Interiors

Do-it-yourself ideas for your home

 

McClatchy-Tribune News Service

Are you handy? Even just a little? Here are some easy do-it-yourself ideas that you might want to try for your home.

• Make a unique clock that will fill a wall. Simply pick out 12 special photos of anything. It is wise to have a theme. Twelve photos of family vacations or family members are one idea. Frame them with matching frames. Make a clock from a clock kit that you can buy from a craft store. The clock kit should not have any numbers because the photos will serve as the “numbers.” The clock will be hung on the wall in the center and the photos will be hung on the wall arranged like a clock from noon through 11.

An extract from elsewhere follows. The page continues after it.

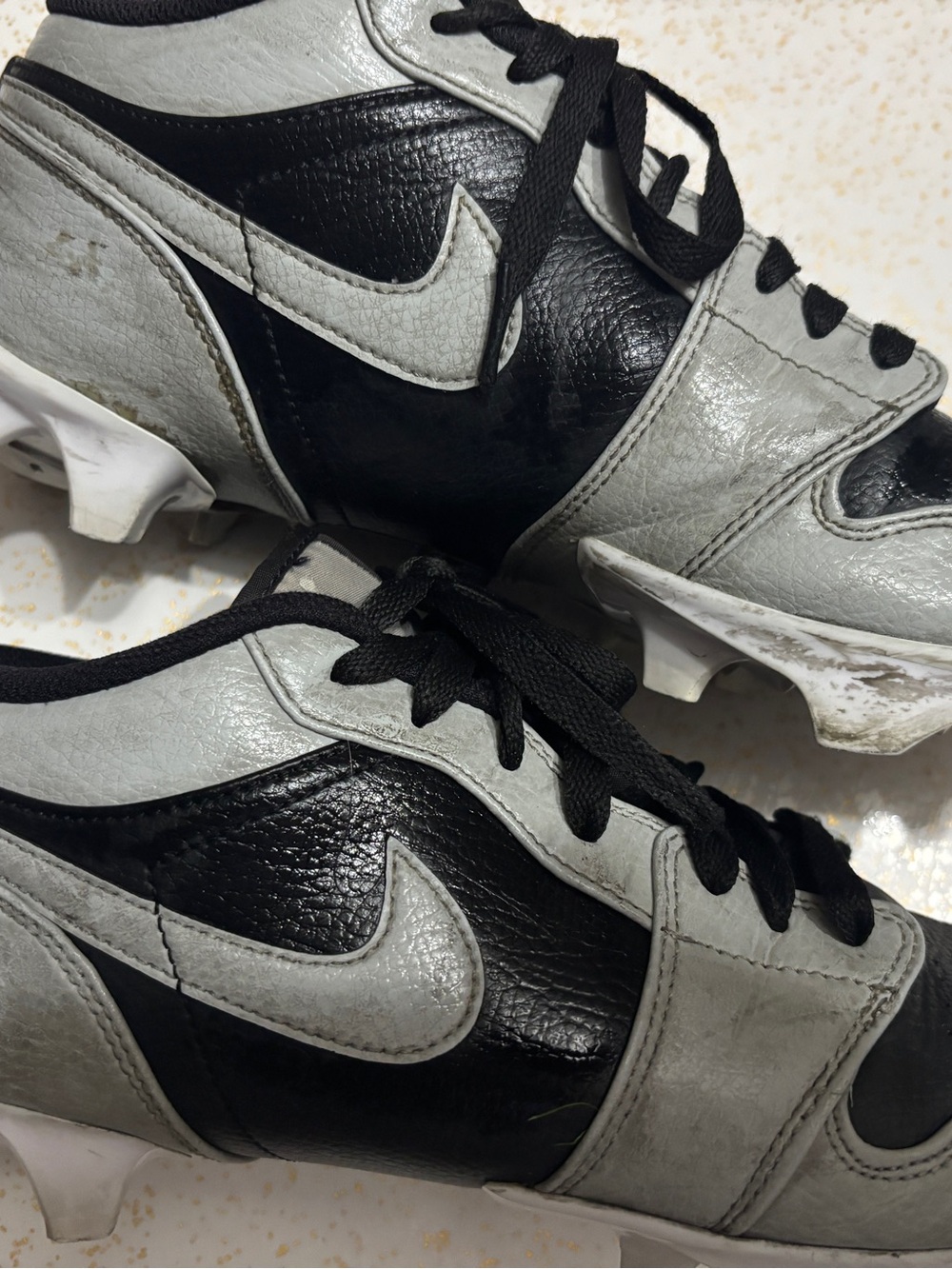 Nike Black and Gray Men's Athletic Cleats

• Fill empty picture frames with a chalkboard (which you also could DIY with some chalkboard paint) to create a nice noticeboard. You can leave notes to family members on the chalkboard and the piece is decorative as well.

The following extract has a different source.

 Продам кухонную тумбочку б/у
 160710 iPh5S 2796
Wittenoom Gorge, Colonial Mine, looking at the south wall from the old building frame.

• Re-cover your cushions with no sewing skills needed. Select fabric that you want to cover your pillow. It needs to be 2 times the width of the pillow and 3 times the length. Lay the pillow flat on the fabric and in the center. Fold the fabric on the shorter side so it meets in the middle on the pillow. Then fold the ends (the long sides of the fabric) like you are wrapping a present. Fold into points. Take the two pointed folds and tie them together making a knot. Tuck the remaining ends in. Now you have a refreshed pillow — without any sewing.

• Make your own art for the wall by starting with a board. Glue letters to the board — anything you want. It can be the names of the members of your family. It can be a saying that you love. It can be random letters, some in capitals and some in lower case. When finished, paint the board and the letters one color and, voila, instant art.

• Old, vintage suitcases make for great tables and they are easy to find at flea markets, thrift stores and at antique shops. The hard casing ones are the best because they are sturdy and can be piled on top of each other. If you find one that is large, attach legs and you have a cocktail table.

Search for three or four of different sizes and pile them on top of each other with the largest one on the bottom and the smallest on top. Now you have a night stand or an end table.

If you can find extra-large suitcases, such as trunk-sized ones, it could be used as a cocktail table, with the added advantage of storage.